When does the data center become the cloud?

This is the beginning of another season of analyst meetings. Today I am at IBM’s Linux and Open Source meeting. Next week I will be with HP at their industry analyst meeting (hardware, software, services — no printers or PCs), that will be followed by IBM’s Impact (SOA conference), CA’s analyst meeting, and finally I will attend Microsoft’s tools and servers analyst meeting. I could attend many more but there aren’t enough days in the week and I still have to get some work done!

The overall Linux and Open Source meeting was quite interesting. But what I wanted to talk about is cloud computing. Irving Wladawsky-Berger started off with a fascinating discussion on cloud computing. I have known Irving Wladawsky-Berger for many years. For those of you who missed knowing him, he is one of the most interesting researchers /innovators and thinkers in the IBM organization. Irving retired from IBM last year and is now Chairman Emeritus of IBM Academy of Technology and a visiting professor at MIT. I first met Irving when he was the key thought leader in IBM’s e-business strategy and then the web strategy and autonomic computing — among others. So, it is always interesting to see what he is thinking about.

I wasn’t surprised when I found that he was thinking about Cloud Computing. From his view there is a continuum from the early internet days to clouds. He makes a connection between the disruptive qualities of IBM’s e-business strategy. However, he correctly points out that this strategy was not implemented in a vaccum. In fact, IBM both focused on innovation in context with legacy systems and applications that dominated the real world of its customers.

Today we are definitely at an inflection point.

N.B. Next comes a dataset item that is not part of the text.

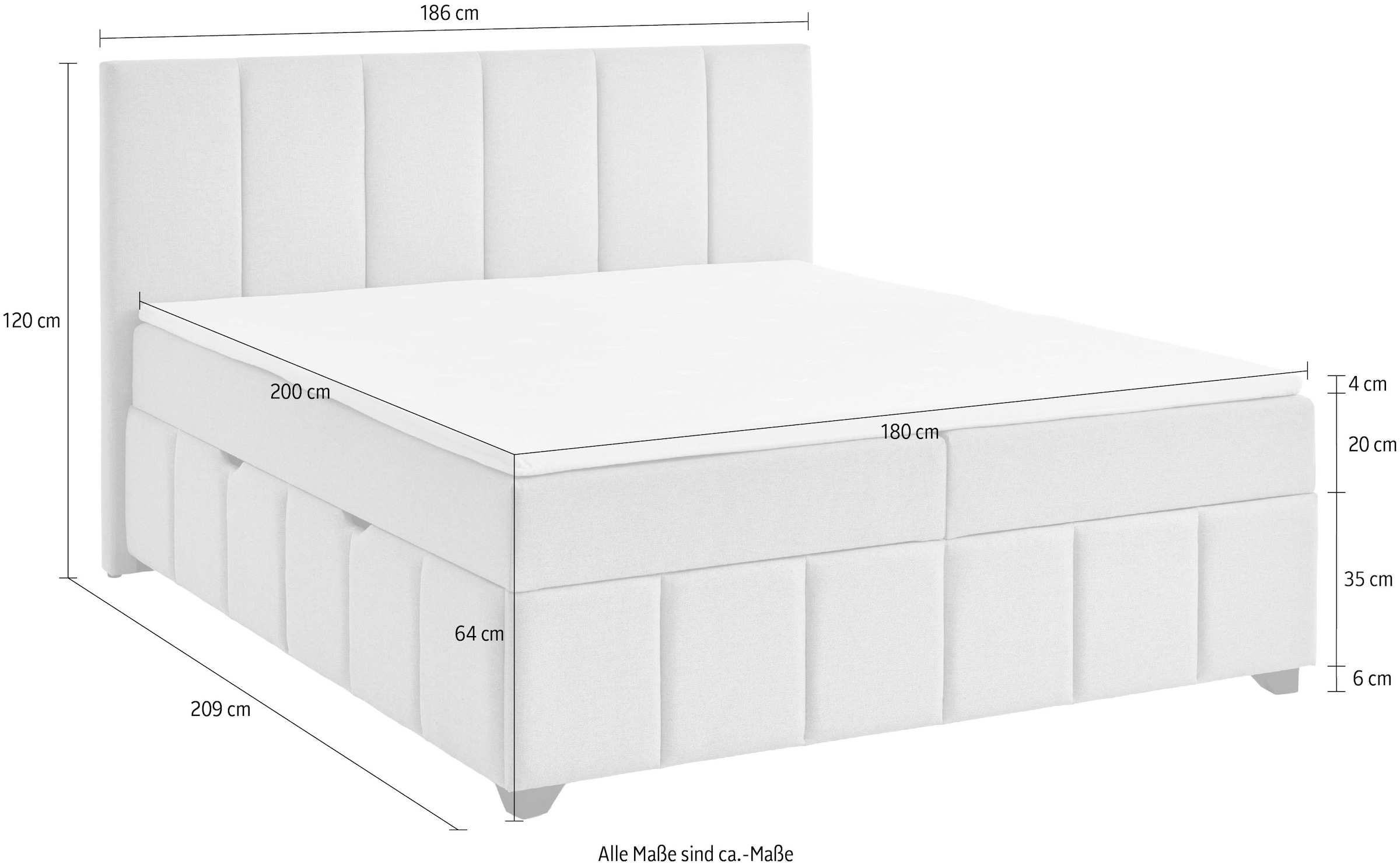 Home affaire Boxbett »Bellah inkl. Bettkasten, erhältlich in der Breite 180x200cm« inkl. PU-Schaum-Topper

Irving makes an important observation that as we move to virtualized systems beginning with grids are simply a stage in a path to distributed computing. What links all resources together is Service Oriented Architecture based protocols. If you can encapsulate components and add clearly defined interfaces, you can move to a distributed world. The real challenge is how do you move from where we are today with virtualization to a systems wide approach to virtualization. To his credit, Irving concedes that this is going to be complicated and disruptive.

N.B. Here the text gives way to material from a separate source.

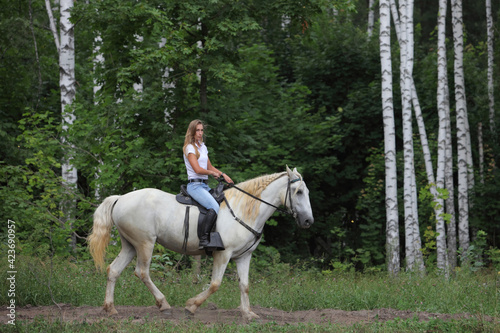Beautiful equestrian cowgirl riding a horse on the summer forest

I am a firm believer that there is no such thing as brand new technology that emerges out of nowhere. Irving agrees and suggests that Cloud Computing is an evolution of everything that has been tried over the last 15 years — Internet, grids, clusters, etc. The cloud is massive implementation of virtualization.

Where do we go with this? One of the most important points that Irving mentioned that I think is at the heart of making cloud computing and any type of distributed computing a success is industrialization. In short, how do you make things work when workloads grow at an astronomical pace each year. Can you cram more and more servers into a traditional data center?

This thought opens up a lot of interesting debates that I will write more about in the next few days. What exactly is a cloud? Is it simply a new type of data center? Does it have to be multi-tenancy? Does it have to be “utility computing”? Because clouds are still new and are an evolution of vitualization, I think that the definitions will evolve over time. I don’t think there will be a single type of cloud in the market. I also think that because the cloud sits behind the view of most customers and users that it will not be clear what is a cloud and what is smoke and mirrors. That will certainly make the data center world an interesting place.

The reality, as usual, is more complicated. The real issues around clouds will be the same issues that we have always had in data centers — how do you manage at a massive scale without bringing on armies of people? How do you know which processes are allowed to exchange information with other processes safely? How do you remove the complexity?

One of the issues that Irving mentioned during his discussion is the ideas of ensembles. Basically these are a way of ordering components of the enterprise into like entities. These could be physical assets as well as software components (like business processes wrapped as business services). One of the keys to success is that these services must have clearly defined interfaces. What I find very interesting that in to create the next generation of distributed systems we must move to a service oriented approach.

IBM is clearly making a play for clouds as a path forward. It sees clouds as a way to manage increasingly expanding workloads by applying modularity and simplicity to the problem. IBM is making the connection between the movement towards clouds and autonomic computing. Obviously, if you are going to scale in this way an autonomic approach makes perfect sense (at least to me). In essence, IBM is presenting the view of clouds by three dimensions: simplified, shared, and dynamic. It is not clear how quickly IBM and others will be able to make this next generation of virtualization operational but these dimensions demonstrate that the thinking is on the right track.

  1. April 17, 2008 at 12:51 pm

    One of the things I believe folks are overlooking is that it is highly likely that the kind of things that will be done with cloud computing will be quite different. Sure you could run the same relatively linear solutions that you run today, like ERP systems… but why stop there. With relatively unlimited access to large scale parallel processing you could begin to perform functions that are designed for that environment, in addition to what we think of as traditional IT. This shift will radically change the type and amount of value generated by IT. After all, IT was created to create value for the enterprise, not just cut costs.